3 Kasım 2010 Çarşamba

Türkiye Dinazorlar Partisi


     Türkiye siyasetinin en renkli siyasi partisini kurmak için sanırım elimizde güzel bir fırsat oluştu. Güniz Sokaktaki evinden Süleyman Demirel de iştirak ederse eğer Necmettin Erbakan, Önder Sav ve Hüsamettin Cindoruk’la birlikte 4’lü eş başkanlık sistemine dayanan Türkiye Dinazorlar Partisi’ni kurabileceğiz. Çok mu ağır konuşuyorum diye düşünüyorum ama artık zurnanın zırt dediği yerde olduğumuzu da görmemiz gerekmiyor mu? Türkiye Dinazorlar Partisi’nin vizyon ve misyonuna sonra dönmek koşulu ile bu partiyi kurma fikrine nereden geldiğimi biraz anlatmam lazım.
     CHP’de yaşanan son gelişmeleri TV başında izlerken Sayın Önder Sav’ın basın açıklamasını da dinledim. Sanki daha dün Kemal Kılıçdaroğlu’na omuz veren kendisi değilmiş gibi (dikkat buyurun Erbakan-Kurtulmuş, Demirel-Çiller vakalarıyla çok benzeşir) Genel Başkan Kılıçdaroğlu’na bayrak açıyor ve “CHP’yi değiştiremeyeceksin, yeni CHP diye bir şey yok” diyordu. Klasik jargonla Laiklik, Kemalizm vurgusu yapıyor ve bu partiye 53 sene hizmet ettim, odamı taşımak için kamyon lazım mealinde konuşuyordu. Bu değişime direnme telaşını oldum olası anlayabilmiş değilim. Daha önceki bir yazımda da belirttiğim gibi “Berlin Duvarı Yıkılmış” olduğuna göre hangi duvarın sağlam kalacağına inanıyorsunuz? Maksadımız yıkmak, düşürmek, devirmek falan değil. Değişimin karşısına dikilen duvarları (dinazorları) yıkmak. Bu dünya kimseye kalmadı kalmaz Sultan Süleyman’a kalmamış ise… şarkısını da hiç dinlememiş mi bu değişim ve statüko yanlıları?

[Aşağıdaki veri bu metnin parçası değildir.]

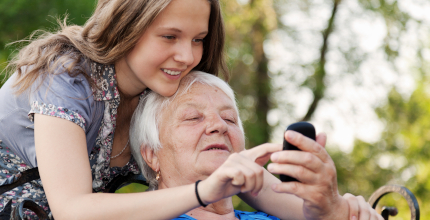 Jak nenaletět finančním šmejdům? Kam se obrátit pro radu?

Kemal Kılıçdaroğlu ve ekibini göreve geldikleri ilk günden bu zamana kadar ilk kez can-ı gönülden tebrik etmek gerekiyor. Ancak henüz kavga sonuçlanmış değil, sonucu kestirmek de pek kolay olmayacak. Önder Sav’ın parti meclisinde ve il örgütlerindeki konumu ve gücü yadsınamayacak kadar çok. Sonuç bugün olmasa da yarın Önder Sav’ın yenilgisi olacaktır bunu biliyoruz ama yaklaşan genel seçimler öncesinde ve Türkiye’de iktidar partisine sıkı ve sağlam muhalefet yapacak bir siyasi anlayışa ihtiyaç varken bu sürecin uzamasını da şahsen istemiyorum. Bu durumda Deniz Baykal’a başvurmak ne kadar ürkütücü görünse de Kılıçdaroğlu açısından belki hayırlara vesile olabilecektir. Aksi takdirde Kılıçdaroğlu’nun geldiği eller ile gönderilmesi ihtimali de söz konusu olabilir.

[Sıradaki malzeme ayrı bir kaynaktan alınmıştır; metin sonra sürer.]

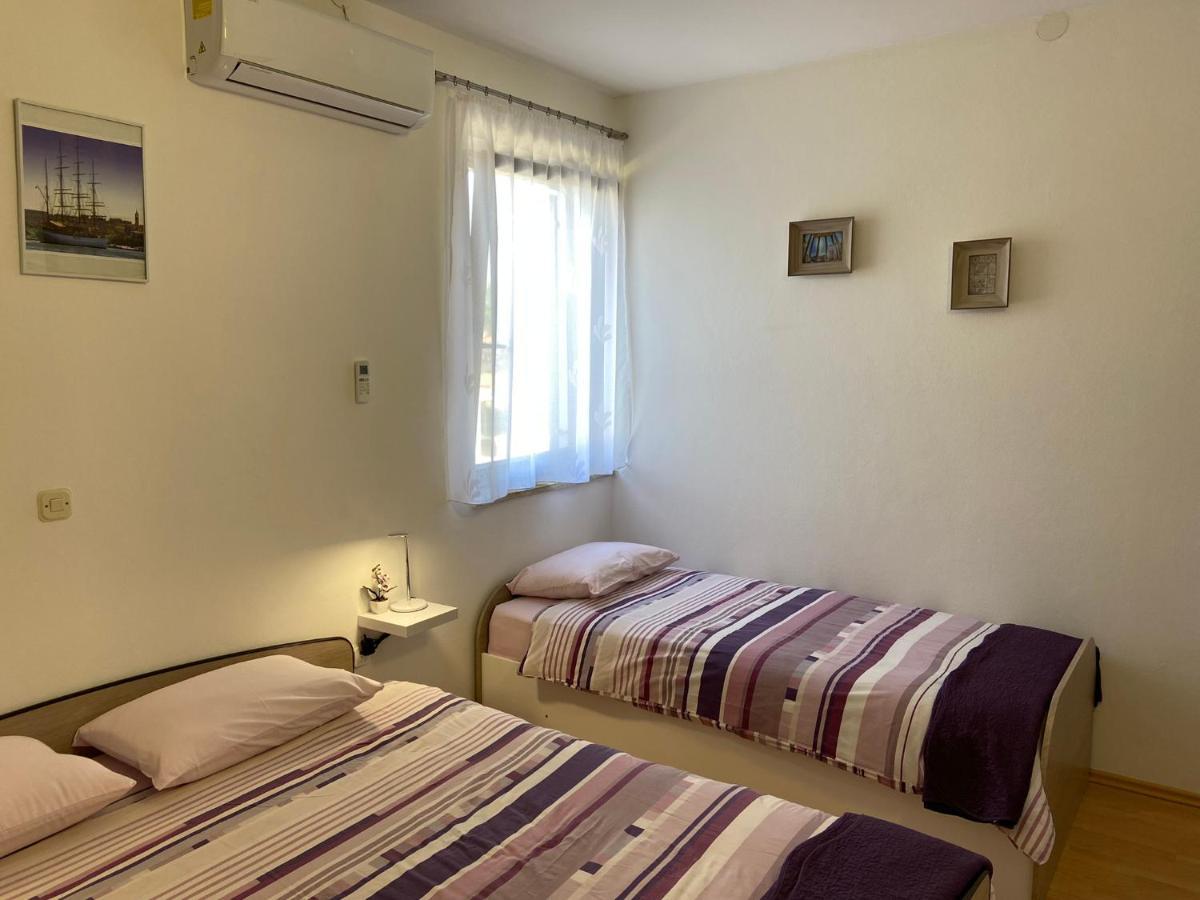 Apartment Madis & Free Bikes Pula Exterior photo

     Kısa bir durum değerlendirmesinden sonra işin eğlenceli kısmına geri dönebiliriz. Ne demiştik, Türkiye Dinazorlar Partisi! Kısaltmasını yazınca TDP oluyor ve ortadaki “D” yi “demokrasi” diye de yutturabiliriz. Ne de olsa ülkemizde “demokrasi” amaç yerine araç olabiliyor! (referandum sonrasında daha güçlü demokratikleşme adımları bekliyorduk). Bu son gelişmeler bana garip bir yorum yapma fırsatı verdi. Eğer Erbakan ile Sav aynı kutunun içine girebiliyorsa, Türkiye’nin sorunu dindarlık-laiklik falan değil de otokratlık sorunudur diyebiliriz. Netice itibariyle “yeniliği” kaldıramayan, koltuklarını bırakamayan, hep söz benim olsun diyen ve bu sözlerin ardına utanmadan biz gençliği çok önemsiyoruz gibi kocaman bir yalanı ekleyen siyasetçi, bürokrat, akademisyen, gazeteci, v.b. ne varsa hepsine sesleniyorum. “Çekin ellerinizi üzerimizden”! Bir gelecek yaşanacaksa, bir gelecek kurgulanacaksa ve bir gelecek hayali varsa, o geleceği, yaşayacak olanların da içinde bulunduğu süreçler ile projelendirmek bu kadar zor olmamalı!

Türkiye Dinazorlar Partisi ile eğlenmeye devam edeceğiz.